What can we learn from the Writer Block students’ first museum visit? Here are my preliminary takeaways –

  • Choice - The students responded to choice and the ability to choose their own experience. Every time that the students could not exercise choice they lost interest and moved on. A few of students commented that they had a much better time exploring the Museum than their last visit; when they had received a guided tour with their school group.
  • Relevance – Just like the rest of us the students needed a way to prioritize what they should look at. In competing stories of tool making and family life, family life wins hands down because it is easily relatable.
  • Accessibility - Like choice, the ability to find information that they wanted to know determined the success of exhibits.

We will see if these observations hold for the other museum visits. The Mashantucket Pequot Museum has a lot of wonderful exhibits, but it does not have a lot of hands on interactives competing for attention. How would more hands on interactives have altered the students’ experience? 
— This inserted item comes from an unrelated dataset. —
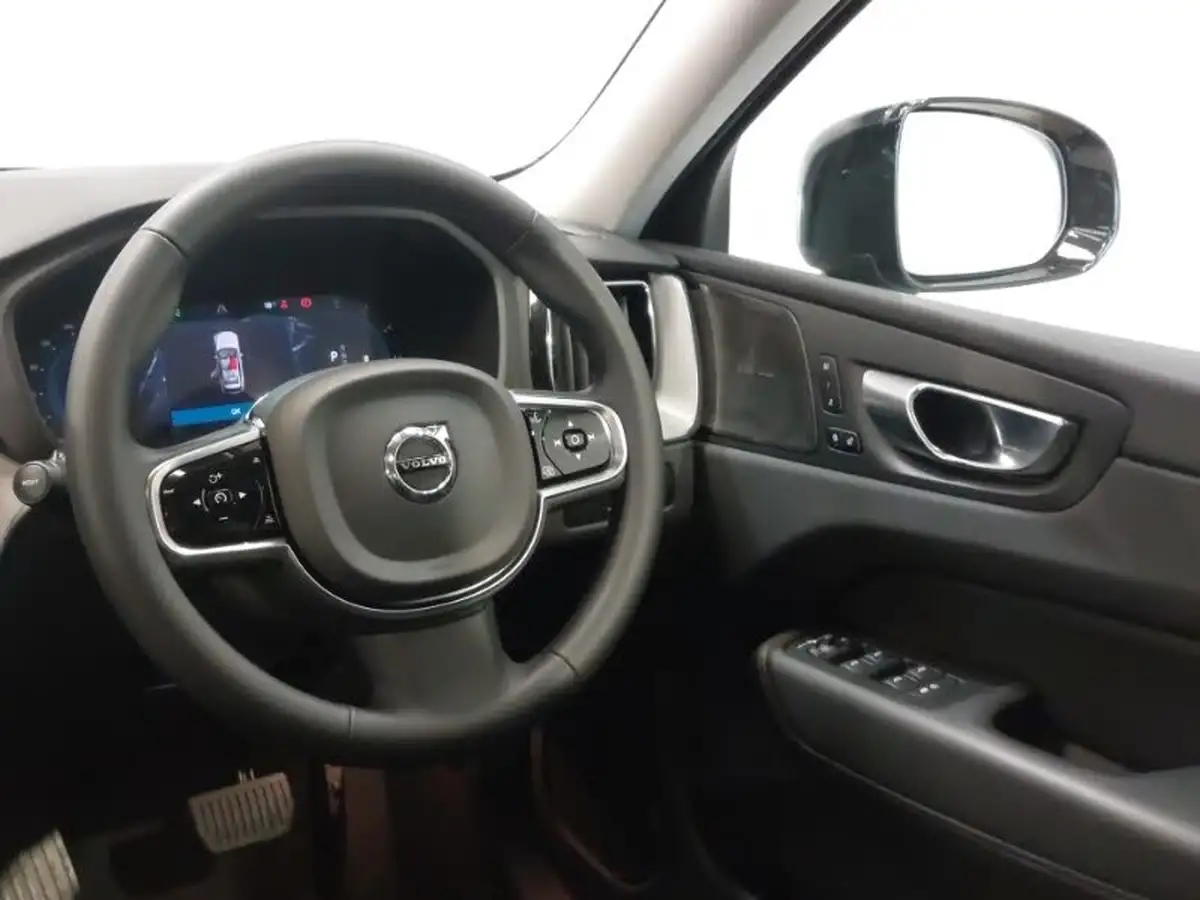 2023-volvo-xc60-20td-b4-plus-big-10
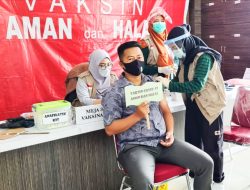 Jalani Vaksinasi Pertama, Firdian Syah Yakinkan Masyarakat Bahwa ini Aman dan Halal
Robert Kiihne of RK Exhibits will be participating in the teen audience research this summer and will draft the exhibitions component of the interpretive plan in the fall.

Wednesday, July 17, 2013

Our Summer with Teenagers



Take over two dozen teens (including a few tweens) and a very old, dark, and evocative historic house museum.  Put them together.  What will you get?

OK, we don’t really know yet.  But we are finding out!

This summer, Connecticut Landmarks has partnered with Writers Block InK to delve into complex issues regarding history, slavery, race, and the modern implications of all three on individuals, communities, and museums.  As part of an eight-week summer program, these youth are tackling these issues as they think about the Joshua Hempsted House and their own New London community.  



CTL staff, exhibitions designer Robert ,and I have been spending two days a week with the youth as they sort through the many complex stories of the Joshua Hempsted House and New London’s early history.  To help them consider how they would share these stories via a historic house museum, we have led or hosted workshops (e.g., exhibition design, museum theatre, a visit with Joshua Hempsted's diary - check out this video!), and have been taking them to other museums to learn more about what they like, or simply ignore, in museum settings.

The culmination of this summer’s work will be two-fold:
·    

  • An open house the evening of Tuesday, July 30, where they will be presenting the stories of the property, and New London, by sharing the Joshua Hempsted House with community members and stakeholders.  Reach Advisors will be conducting follow-up interviews with some attendees to learn what they think about the stories chosen and the methods for telling the stories.
  • An original dramatic production on slavery, developed by the youth and their leaders, to be presented in mid-August.


We are having a fascinating time observing the youth, asking questions, and finding out their preferences.  Over the next few blog posts, we’ll be sharing more details about the museum visits and workshops, and give you a better sense of where the youth are heading for their open house.  

Susie Wilkening is a Senior Consultant and Curator of Museum Audiences at Reach Advisors.  She will be leading several phases of audience research for this project.

Photo:  Many of the youth at the New Bedford Whaling Museum.